Task objective >> Restate the data that follows exactly as it stands, beginning with the first line and ending with the line that contains "20th century, the".

Dataset >>
------

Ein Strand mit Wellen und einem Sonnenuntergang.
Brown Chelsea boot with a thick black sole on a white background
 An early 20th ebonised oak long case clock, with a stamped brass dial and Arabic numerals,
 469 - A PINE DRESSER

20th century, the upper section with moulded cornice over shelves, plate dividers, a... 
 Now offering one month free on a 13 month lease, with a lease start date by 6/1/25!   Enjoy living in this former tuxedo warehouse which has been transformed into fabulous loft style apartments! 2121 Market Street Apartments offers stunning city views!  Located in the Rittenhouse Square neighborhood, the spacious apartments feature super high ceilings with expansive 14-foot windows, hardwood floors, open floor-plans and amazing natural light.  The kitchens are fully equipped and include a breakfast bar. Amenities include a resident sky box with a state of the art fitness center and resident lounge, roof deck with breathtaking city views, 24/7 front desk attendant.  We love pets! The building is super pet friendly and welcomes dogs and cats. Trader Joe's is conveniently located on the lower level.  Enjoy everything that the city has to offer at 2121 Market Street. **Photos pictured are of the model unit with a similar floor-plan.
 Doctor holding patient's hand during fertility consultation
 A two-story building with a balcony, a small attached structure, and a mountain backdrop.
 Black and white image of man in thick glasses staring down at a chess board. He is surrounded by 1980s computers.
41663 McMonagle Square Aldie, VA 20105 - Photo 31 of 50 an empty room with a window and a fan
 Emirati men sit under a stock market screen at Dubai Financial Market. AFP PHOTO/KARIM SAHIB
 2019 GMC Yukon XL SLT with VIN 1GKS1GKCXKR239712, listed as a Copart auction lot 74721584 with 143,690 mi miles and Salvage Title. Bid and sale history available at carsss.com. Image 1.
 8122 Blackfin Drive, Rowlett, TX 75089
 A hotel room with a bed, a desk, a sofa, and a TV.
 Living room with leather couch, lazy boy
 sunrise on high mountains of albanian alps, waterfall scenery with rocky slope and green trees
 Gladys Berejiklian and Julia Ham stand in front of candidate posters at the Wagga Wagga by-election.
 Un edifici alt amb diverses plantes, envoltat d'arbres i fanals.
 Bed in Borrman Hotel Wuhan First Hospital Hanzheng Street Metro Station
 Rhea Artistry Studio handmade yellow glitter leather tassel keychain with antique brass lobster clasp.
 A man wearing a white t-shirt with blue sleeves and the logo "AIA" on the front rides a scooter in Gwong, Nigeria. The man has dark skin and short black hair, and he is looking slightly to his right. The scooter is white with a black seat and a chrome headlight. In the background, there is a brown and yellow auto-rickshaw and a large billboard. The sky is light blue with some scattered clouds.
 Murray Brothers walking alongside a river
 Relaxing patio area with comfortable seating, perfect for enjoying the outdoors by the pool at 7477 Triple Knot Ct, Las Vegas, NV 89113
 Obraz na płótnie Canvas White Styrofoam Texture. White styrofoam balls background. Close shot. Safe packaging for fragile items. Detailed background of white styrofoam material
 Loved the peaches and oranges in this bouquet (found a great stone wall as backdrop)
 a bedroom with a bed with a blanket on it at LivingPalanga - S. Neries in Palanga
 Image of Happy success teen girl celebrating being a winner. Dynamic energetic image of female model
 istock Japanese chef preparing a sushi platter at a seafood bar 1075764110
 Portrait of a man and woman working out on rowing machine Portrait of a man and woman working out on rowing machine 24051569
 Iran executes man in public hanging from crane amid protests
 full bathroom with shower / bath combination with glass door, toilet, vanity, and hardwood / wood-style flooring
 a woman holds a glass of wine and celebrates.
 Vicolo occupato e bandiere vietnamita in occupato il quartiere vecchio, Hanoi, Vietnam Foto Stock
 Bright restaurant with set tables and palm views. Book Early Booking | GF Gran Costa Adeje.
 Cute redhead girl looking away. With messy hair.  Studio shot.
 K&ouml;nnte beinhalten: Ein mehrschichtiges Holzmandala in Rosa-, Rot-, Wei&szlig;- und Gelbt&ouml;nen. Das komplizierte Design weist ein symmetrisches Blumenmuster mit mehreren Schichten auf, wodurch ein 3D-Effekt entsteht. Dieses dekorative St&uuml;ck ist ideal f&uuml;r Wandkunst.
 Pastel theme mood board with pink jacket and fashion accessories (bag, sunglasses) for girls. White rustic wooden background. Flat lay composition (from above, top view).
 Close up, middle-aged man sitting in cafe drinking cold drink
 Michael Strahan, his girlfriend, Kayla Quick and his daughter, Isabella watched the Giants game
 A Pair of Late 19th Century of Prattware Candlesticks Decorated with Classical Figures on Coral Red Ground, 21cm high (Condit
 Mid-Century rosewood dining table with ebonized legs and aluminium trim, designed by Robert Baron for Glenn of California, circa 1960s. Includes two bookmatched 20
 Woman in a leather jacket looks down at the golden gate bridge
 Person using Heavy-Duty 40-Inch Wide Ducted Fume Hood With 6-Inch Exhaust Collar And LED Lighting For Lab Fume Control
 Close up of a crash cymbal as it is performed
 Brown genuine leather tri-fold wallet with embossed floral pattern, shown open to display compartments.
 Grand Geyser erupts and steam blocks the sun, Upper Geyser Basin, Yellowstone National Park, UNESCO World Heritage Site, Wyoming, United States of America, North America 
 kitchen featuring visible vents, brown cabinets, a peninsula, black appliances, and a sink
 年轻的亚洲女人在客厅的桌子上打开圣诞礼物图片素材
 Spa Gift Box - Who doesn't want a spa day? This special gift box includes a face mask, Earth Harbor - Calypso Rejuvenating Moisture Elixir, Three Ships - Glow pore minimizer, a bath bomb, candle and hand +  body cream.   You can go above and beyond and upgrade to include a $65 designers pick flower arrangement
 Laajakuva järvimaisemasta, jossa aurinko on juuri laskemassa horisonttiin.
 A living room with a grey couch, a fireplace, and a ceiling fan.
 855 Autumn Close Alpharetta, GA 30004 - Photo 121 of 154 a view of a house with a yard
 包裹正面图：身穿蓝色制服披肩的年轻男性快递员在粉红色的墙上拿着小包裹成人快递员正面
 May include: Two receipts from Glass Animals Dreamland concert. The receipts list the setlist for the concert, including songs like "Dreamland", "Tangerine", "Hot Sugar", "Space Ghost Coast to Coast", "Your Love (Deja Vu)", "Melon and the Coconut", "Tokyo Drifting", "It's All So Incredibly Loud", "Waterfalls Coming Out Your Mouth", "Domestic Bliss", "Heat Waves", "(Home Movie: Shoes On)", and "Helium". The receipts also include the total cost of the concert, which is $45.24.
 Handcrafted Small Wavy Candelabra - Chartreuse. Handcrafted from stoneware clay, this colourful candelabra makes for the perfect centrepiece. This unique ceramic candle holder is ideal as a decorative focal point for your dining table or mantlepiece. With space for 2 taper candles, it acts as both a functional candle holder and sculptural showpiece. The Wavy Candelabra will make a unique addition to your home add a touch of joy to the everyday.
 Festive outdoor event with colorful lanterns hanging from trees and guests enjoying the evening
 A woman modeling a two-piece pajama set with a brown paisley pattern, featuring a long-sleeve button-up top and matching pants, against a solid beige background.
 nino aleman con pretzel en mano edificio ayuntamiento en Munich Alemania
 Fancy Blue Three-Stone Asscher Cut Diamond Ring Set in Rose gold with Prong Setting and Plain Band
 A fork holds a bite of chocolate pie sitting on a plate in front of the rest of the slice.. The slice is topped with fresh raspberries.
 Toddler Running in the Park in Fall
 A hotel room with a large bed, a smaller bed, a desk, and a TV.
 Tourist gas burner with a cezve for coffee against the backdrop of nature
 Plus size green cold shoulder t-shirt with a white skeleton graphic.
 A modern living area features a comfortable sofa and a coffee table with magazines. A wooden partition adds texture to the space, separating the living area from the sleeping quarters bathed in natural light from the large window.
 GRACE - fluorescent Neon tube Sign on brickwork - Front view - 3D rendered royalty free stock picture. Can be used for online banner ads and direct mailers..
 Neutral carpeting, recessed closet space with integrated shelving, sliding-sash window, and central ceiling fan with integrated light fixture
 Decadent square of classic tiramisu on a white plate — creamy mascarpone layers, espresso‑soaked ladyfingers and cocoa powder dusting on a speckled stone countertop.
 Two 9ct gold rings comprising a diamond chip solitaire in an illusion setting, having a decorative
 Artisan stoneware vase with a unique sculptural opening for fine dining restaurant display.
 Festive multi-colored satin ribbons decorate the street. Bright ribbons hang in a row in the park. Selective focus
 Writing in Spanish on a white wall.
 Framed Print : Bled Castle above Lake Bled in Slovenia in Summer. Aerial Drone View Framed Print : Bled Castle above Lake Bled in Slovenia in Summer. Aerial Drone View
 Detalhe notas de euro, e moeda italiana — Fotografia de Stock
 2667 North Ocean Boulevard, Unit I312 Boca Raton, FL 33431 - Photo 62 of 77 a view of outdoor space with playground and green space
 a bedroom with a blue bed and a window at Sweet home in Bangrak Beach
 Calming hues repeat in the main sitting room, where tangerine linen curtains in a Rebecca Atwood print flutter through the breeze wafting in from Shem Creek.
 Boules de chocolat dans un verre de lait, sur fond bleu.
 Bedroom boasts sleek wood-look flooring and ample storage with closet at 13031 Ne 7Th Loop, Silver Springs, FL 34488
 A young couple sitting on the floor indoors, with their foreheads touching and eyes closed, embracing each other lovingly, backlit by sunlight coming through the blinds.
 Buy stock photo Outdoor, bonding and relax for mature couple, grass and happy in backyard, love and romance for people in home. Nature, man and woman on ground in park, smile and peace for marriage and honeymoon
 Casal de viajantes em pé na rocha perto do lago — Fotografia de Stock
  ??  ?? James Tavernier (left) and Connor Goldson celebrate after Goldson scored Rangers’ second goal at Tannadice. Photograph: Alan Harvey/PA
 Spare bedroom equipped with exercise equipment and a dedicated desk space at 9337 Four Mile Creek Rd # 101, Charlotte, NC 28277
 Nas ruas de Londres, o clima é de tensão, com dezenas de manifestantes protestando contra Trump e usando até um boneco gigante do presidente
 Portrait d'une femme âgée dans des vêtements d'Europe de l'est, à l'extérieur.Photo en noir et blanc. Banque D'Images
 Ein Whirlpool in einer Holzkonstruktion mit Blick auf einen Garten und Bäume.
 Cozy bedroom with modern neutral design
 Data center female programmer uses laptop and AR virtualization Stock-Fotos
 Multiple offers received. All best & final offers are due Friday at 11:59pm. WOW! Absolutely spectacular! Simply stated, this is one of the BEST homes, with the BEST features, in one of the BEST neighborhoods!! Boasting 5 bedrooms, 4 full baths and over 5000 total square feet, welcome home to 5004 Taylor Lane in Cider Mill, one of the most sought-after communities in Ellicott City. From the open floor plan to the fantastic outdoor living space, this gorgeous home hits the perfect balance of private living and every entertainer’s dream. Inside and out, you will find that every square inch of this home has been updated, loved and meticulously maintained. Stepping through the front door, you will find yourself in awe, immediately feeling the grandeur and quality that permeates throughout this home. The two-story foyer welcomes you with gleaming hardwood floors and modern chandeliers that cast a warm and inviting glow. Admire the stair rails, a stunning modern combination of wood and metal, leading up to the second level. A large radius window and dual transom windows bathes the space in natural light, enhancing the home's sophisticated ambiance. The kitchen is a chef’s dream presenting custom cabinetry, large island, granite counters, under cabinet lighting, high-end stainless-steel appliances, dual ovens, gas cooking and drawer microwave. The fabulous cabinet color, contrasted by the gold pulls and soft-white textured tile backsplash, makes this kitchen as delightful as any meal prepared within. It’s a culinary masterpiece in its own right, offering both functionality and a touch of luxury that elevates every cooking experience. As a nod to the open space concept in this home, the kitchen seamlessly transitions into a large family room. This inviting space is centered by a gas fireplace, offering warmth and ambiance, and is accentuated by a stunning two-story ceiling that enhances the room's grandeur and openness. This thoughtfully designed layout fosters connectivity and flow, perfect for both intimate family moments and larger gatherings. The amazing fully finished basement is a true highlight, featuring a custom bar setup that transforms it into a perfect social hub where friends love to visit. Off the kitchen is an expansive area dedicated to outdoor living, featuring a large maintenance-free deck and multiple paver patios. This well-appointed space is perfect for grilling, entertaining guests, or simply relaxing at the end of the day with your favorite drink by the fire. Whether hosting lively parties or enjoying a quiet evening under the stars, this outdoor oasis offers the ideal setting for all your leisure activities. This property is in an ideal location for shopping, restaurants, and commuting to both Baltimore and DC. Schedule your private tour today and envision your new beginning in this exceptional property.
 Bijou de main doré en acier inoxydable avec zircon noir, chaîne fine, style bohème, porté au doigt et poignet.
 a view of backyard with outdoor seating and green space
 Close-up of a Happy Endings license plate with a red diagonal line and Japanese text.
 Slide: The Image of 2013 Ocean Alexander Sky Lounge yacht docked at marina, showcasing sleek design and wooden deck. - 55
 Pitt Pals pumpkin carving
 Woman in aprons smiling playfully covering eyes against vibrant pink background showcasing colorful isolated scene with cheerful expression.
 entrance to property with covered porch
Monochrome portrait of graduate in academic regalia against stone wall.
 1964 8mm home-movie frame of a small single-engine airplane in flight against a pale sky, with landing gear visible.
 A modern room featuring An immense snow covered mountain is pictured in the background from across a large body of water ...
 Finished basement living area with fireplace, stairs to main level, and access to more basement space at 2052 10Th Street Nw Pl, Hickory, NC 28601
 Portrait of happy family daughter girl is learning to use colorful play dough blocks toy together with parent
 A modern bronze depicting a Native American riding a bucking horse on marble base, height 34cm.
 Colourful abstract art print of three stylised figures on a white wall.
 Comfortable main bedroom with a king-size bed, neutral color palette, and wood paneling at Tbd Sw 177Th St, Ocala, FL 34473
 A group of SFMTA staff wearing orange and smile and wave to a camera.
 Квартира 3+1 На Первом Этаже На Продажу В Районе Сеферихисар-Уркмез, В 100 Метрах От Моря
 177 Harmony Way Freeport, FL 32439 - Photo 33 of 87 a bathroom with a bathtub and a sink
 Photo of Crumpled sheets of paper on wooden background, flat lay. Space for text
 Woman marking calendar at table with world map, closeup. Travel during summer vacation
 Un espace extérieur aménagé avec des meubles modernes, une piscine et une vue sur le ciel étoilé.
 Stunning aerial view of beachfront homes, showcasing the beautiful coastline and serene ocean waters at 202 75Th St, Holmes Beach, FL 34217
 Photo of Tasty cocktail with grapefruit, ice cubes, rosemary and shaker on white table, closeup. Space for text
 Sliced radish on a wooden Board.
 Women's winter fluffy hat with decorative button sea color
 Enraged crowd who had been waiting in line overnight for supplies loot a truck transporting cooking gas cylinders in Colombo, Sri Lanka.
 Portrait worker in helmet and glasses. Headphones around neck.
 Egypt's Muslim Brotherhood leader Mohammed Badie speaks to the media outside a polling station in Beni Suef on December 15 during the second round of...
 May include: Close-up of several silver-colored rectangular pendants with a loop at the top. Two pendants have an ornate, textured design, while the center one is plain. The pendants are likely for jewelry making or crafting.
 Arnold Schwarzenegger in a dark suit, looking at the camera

------

Task output >>
Ein Strand mit Wellen und einem Sonnenuntergang.
Brown Chelsea boot with a thick black sole on a white background
 An early 20th ebonised oak long case clock, with a stamped brass dial and Arabic numerals,
 469 - A PINE DRESSER

20th century, the upper section with moulded cornice over shelves, plate dividers, a... 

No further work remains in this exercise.